Review and act on results

Once enough responses are in:
  1. Review summaries and individual answers.
  2. Look for:
    • Consistent themes across respondents.
    • Differences between groups (e.g. peers vs. reports).
    • Concrete examples to use in coaching or decisions.
  3. Turn insights into:
    • Development plans and specific goals.
    • Updates to responsibilities or support.
    • Context for performance reviews and promotion discussions.
Share appropriate parts of the feedback with the recipient and agree on next steps.

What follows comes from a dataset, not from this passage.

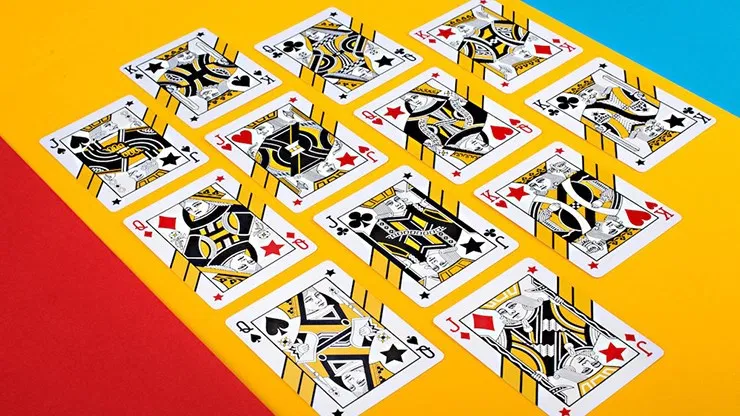 BCA Superstars Playing Cards - image 3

Setting Up Effective Campaigns

When creating or editing a campaign you can set:
  • Campaign name – descriptive title for the feedback cycle.
  • Target person – the individual receiving feedback.
  • Template – pre-defined or custom question sets.
  • Date range – start and end dates for responses.
  • Statusdraft, active, completed, or cancelled.
Good defaults:
  • Start in Draft while you confirm participants and questions.
  • Move to Active once you’re ready to send invites.
You control who is invited to respond:
  • Add an invite list of feedback providers.
  • Use roles to ensure a balanced mix:
    • Manager(s)
    • Peers and cross-functional partners
    • Direct reports
    • External stakeholders (when relevant)
  • Decide if responses should be anonymous or identified.
Balanced participant mix
Aim for a mix of perspectives. Too many managers or too many peers can skew the results. A balanced mix provides a more accurate picture.
Templates help you:
  • Reuse consistent question sets across cycles.
  • Mix rating scales with open-ended questions.
  • Tailor questions to:
    • 360-degree feedback
    • Performance reviews
    • Leadership assessments

Collecting Responses

For each campaign you can:
  • Send initial invite emails with secure links to the form.
  • Send reminder emails to non-responders while the campaign is active.
  • See, for each invitee:
    • When invites and reminders were sent.
    • Whether they have submitted a response.
Tips:
  • Time invites so people have space to respond thoughtfully.
  • Use 1–2 reminders, not continual nudges.
Feedback campaigns support optional email notifications to help increase response rates:
  • Initial Invites: Send invitation emails to all participants when the campaign is created or activated
    • Only available for draft or active campaigns
    • Can only be sent once per campaign
    • Includes campaign details, target person name, and feedback link
  • Reminder Emails: Send follow-up reminders to participants who haven’t responded
    • Only available for active campaigns
    • Automatically filters out participants who have already responded
    • Can be sent multiple times as needed
    • Includes days remaining information when applicable
  • Email Status Tracking: View when emails were sent to each participant
    • See invite sent dates in the invitee list
    • Track reminder history for each participant
    • Monitor email delivery status
To send emails:
  1. Navigate to the campaign detail page
  2. Find the “Email Notifications” section
  3. Click “Send Invites” to send initial invitations (if not already sent)
  4. Click “Send Reminder” to send reminders to non-responders (for active campaigns)
Responders see:
  • A user-friendly, mobile-friendly form.
  • Progress indicators for longer surveys.
  • Clear messaging about whether responses are anonymous.
Encourage:
  • Specific examples instead of vague statements.
  • A balanced view (strengths and growth areas).
As responses come in you can:
  • Track completion in real time.
  • Prevent duplicates (one response per invite).
  • Handle anonymous responses appropriately.

Analyzing Feedback

Behind the scenes, responses include:
  • Ratings and text answers to each question.
  • Timestamps and metadata.
  • Participant identity (when not anonymous).
  • Campaign and target person context.
Use the campaign detail views to:
  • Look at rating distributions and averages.
  • Review open-ended comments for patterns.
  • Compare themes across respondent groups (e.g. peers vs. reports).
When synthesizing:
  • Focus on recurring themes, not single comments.
  • Separate:
    • Observations about impact and behavior.
    • Suggestions about style or preferences.
  • Capture 3–5 key strengths and 2–3 focus areas.
Look for patterns, not outliers
One negative comment among many positive ones might be an outlier. Focus on themes that appear consistently across multiple respondents.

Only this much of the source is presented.